## Instructions for the task
Only what runs from the line with "High-voltage power lines" to the end of the data should appear in the answer, exactly as written and without pictures.

**** Material for this exercise

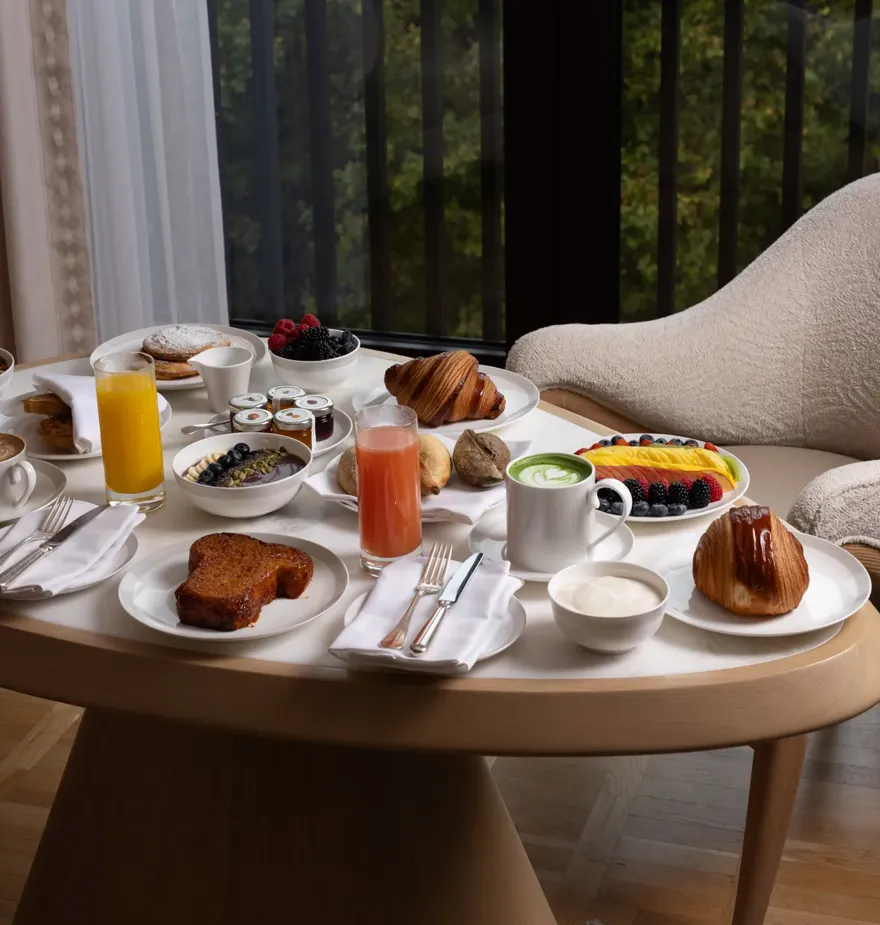 A neatly arranged breakfast table featuring plates of food, fresh fruit, and warm drinks, set in soft morning light to create a welcoming start to the day.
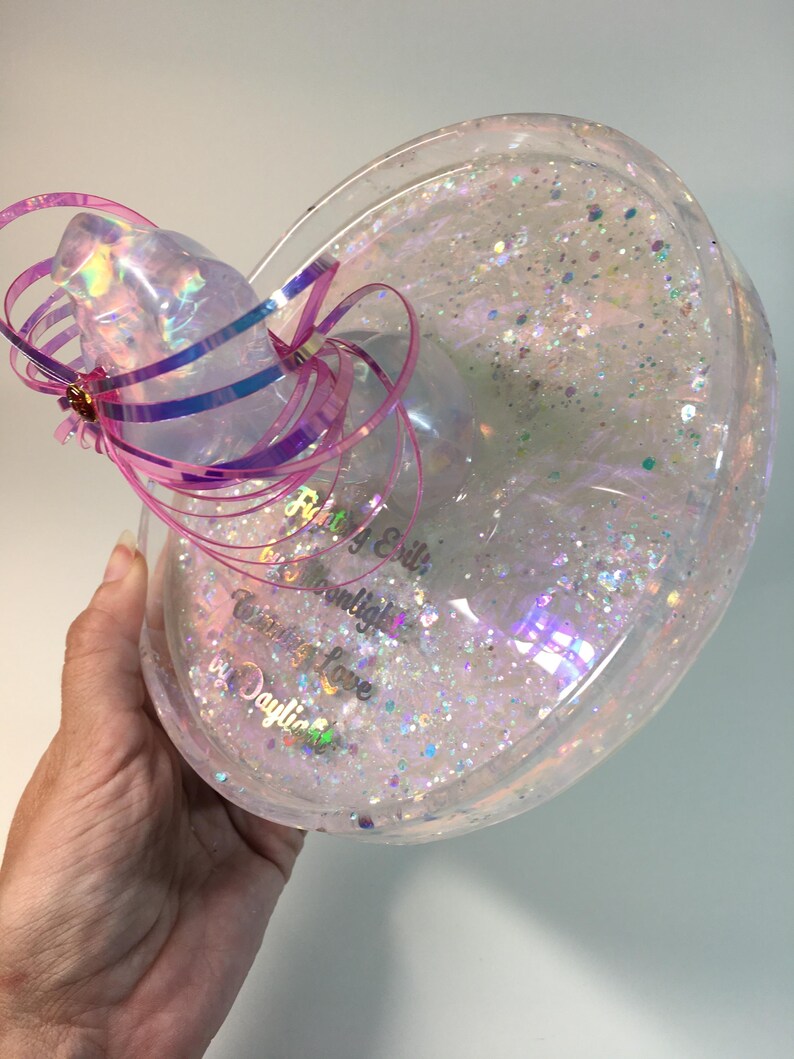 May include: A clear, round, glitter-filled resin tray with a pink and purple ribbon bow. The tray has the text "Riley & Edith Moonlight  Creating a Love  by Daylight" inscribed on the bottom.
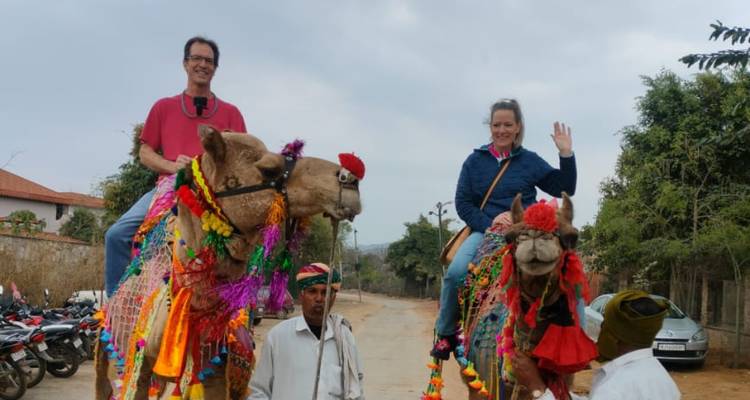 Touristen, die auf hell geschmückten Kamelen reiten, die von lokalen Führern entlang einer staubigen Dorfstraße geleitet werden.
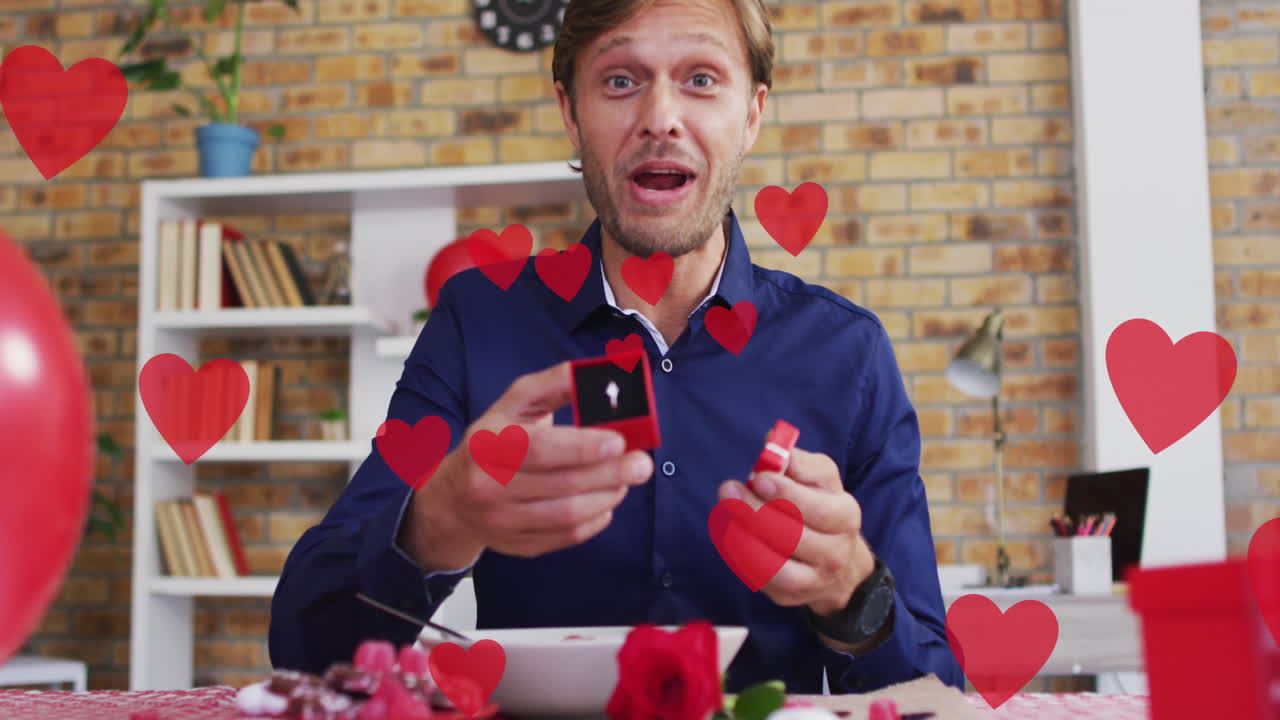 animación de iconos de corazón rojo sobre hombre caucásico sosteniendo anillo de compromiso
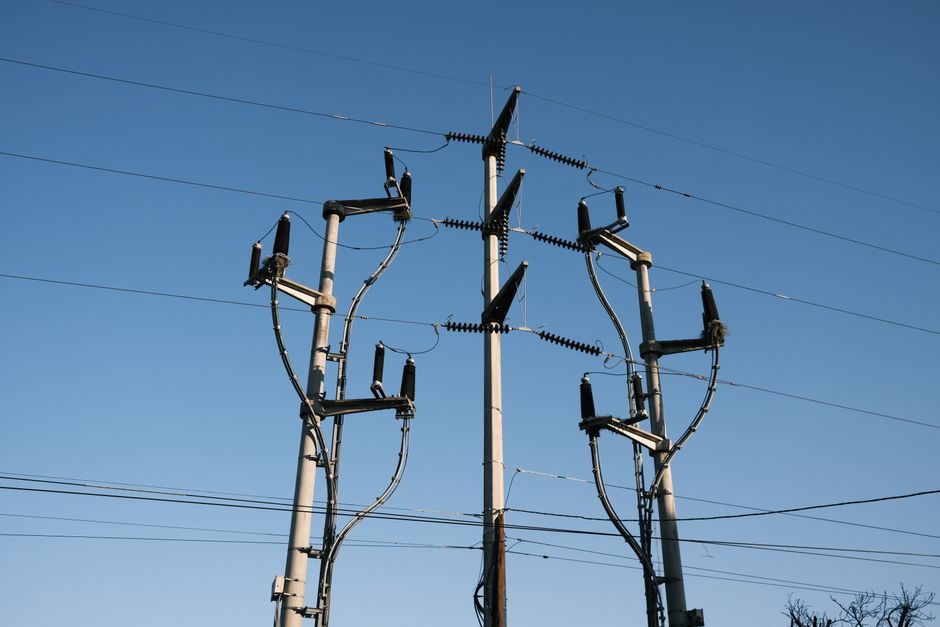 High-voltage power lines and poles silhouetted against a clear blue sky, representing energy distribution.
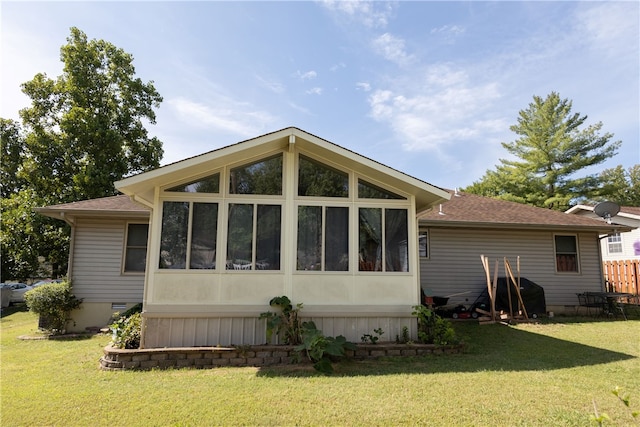 rear view of property with a sunroom and a yard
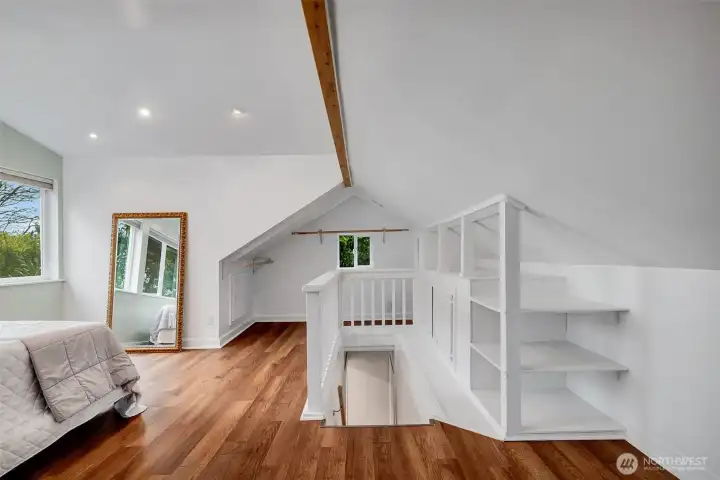 Upstairs loft bedroom faces West and has a breathtaking view and plenty of built in storage
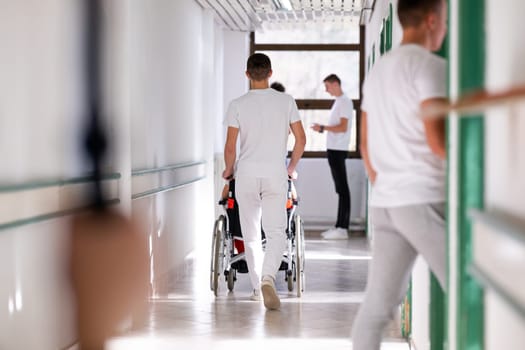 Medical staff in white uniforms assist a patient in a wheelchair in a bright hospital corridor. Concept of healthcare and assistance.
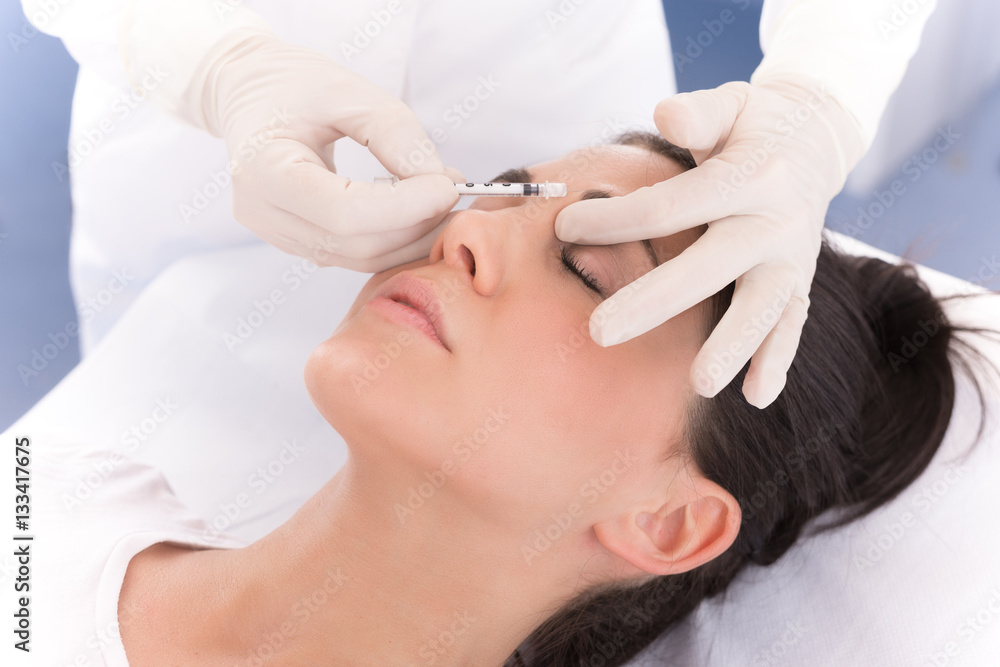 Cosmetologist injecting cosmetic treatment in female face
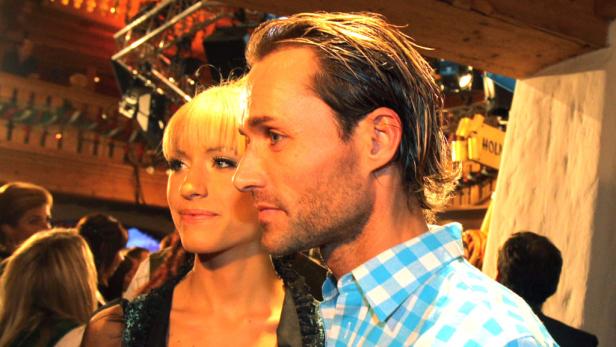 Ein Mann mit blonden Haaren und ein Mann mit blauem Hemd posieren für ein Foto.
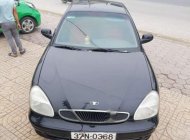 Daewoo Nubira 2002 - Cần bán gấp Daewoo Nubira 2002, màu đen, nhập khẩu nguyên chiếc, 82tr giá 82 triệu tại Hà Tĩnh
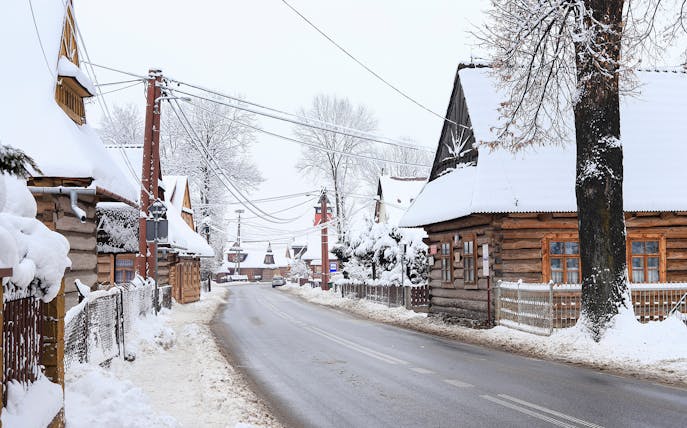 Snow-covered wooden houses in a village near Zakopane, Poland, during a winter tour from Krakow.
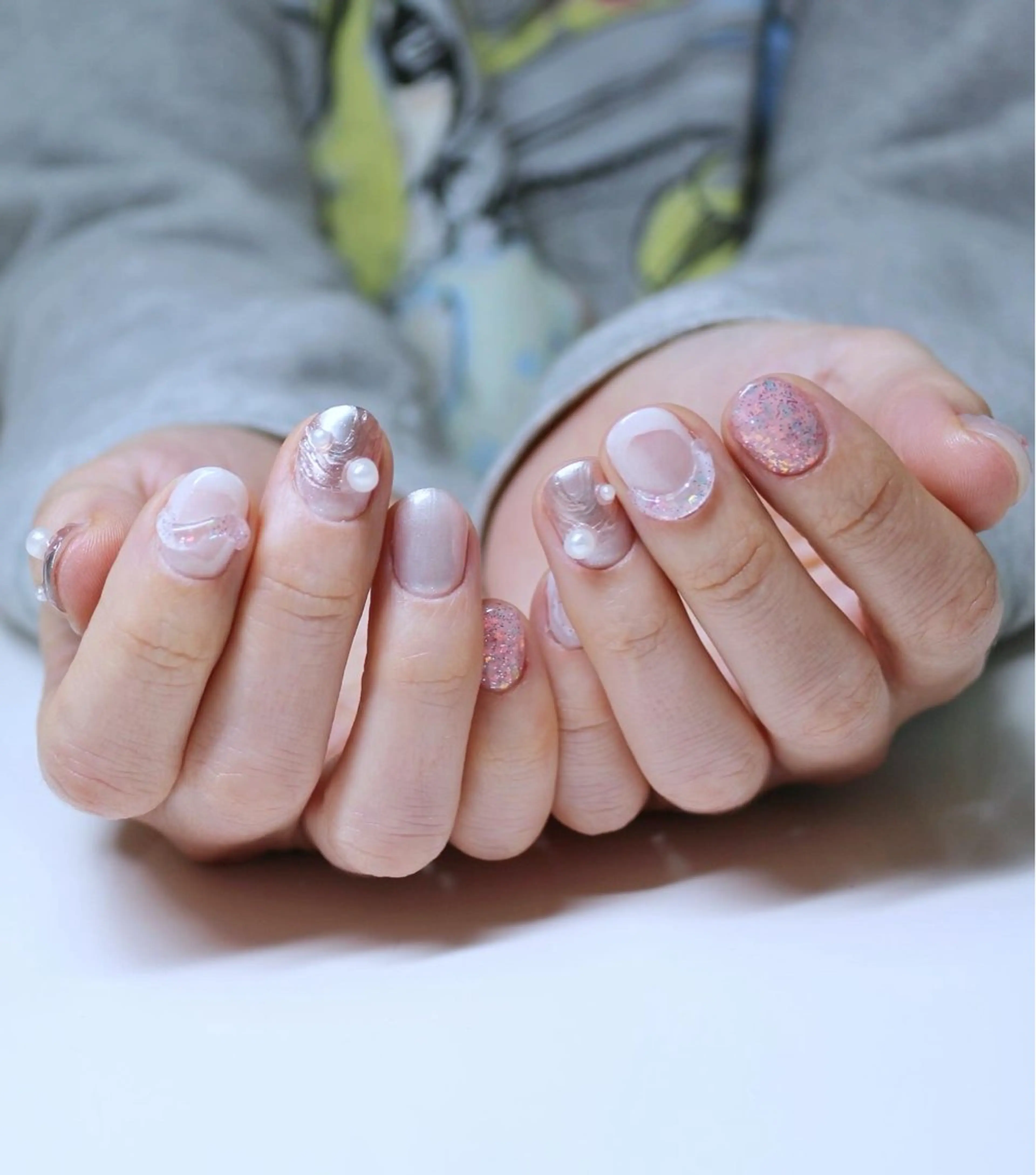 ネイル 桜ネイル キラキラネイル ニュアンスネイル ピンク リボン ハンドネイル Baku Nailsのネイルデザイン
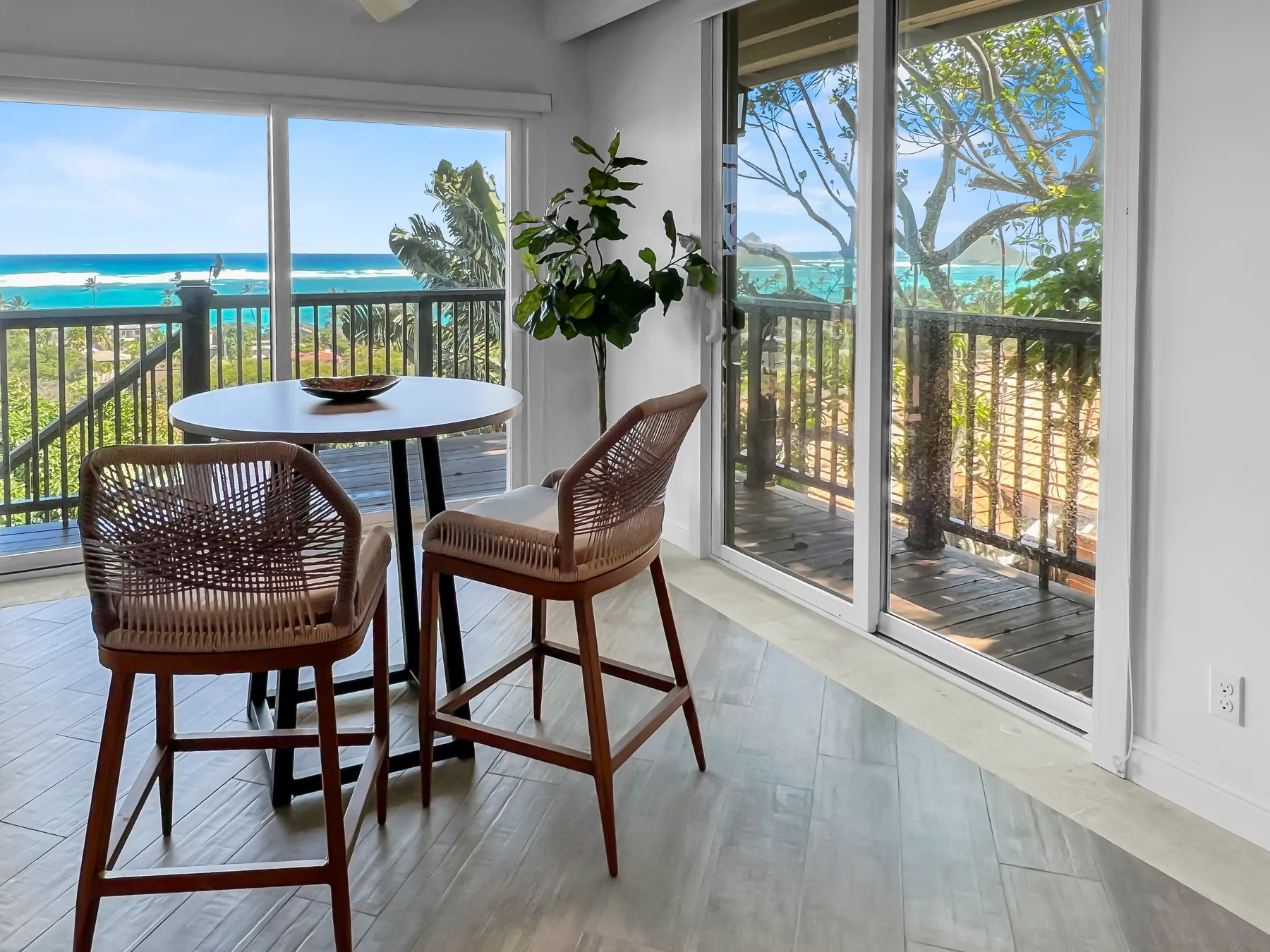 A bright dining nook with seating beside large windows overlooking the ocean.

********

## Output for this exercise
 High-voltage power lines and poles silhouetted against a clear blue sky, representing energy distribution.
 rear view of property with a sunroom and a yard
 Upstairs loft bedroom faces West and has a breathtaking view and plenty of built in storage
 Medical staff in white uniforms assist a patient in a wheelchair in a bright hospital corridor. Concept of healthcare and assistance.
 Cosmetologist injecting cosmetic treatment in female face
 Ein Mann mit blonden Haaren und ein Mann mit blauem Hemd posieren für ein Foto.
 Daewoo Nubira 2002 - Cần bán gấp Daewoo Nubira 2002, màu đen, nhập khẩu nguyên chiếc, 82tr giá 82 triệu tại Hà Tĩnh
 Snow-covered wooden houses in a village near Zakopane, Poland, during a winter tour from Krakow.
 ネイル 桜ネイル キラキラネイル ニュアンスネイル ピンク リボン ハンドネイル Baku Nailsのネイルデザイン
 A bright dining nook with seating beside large windows overlooking the ocean.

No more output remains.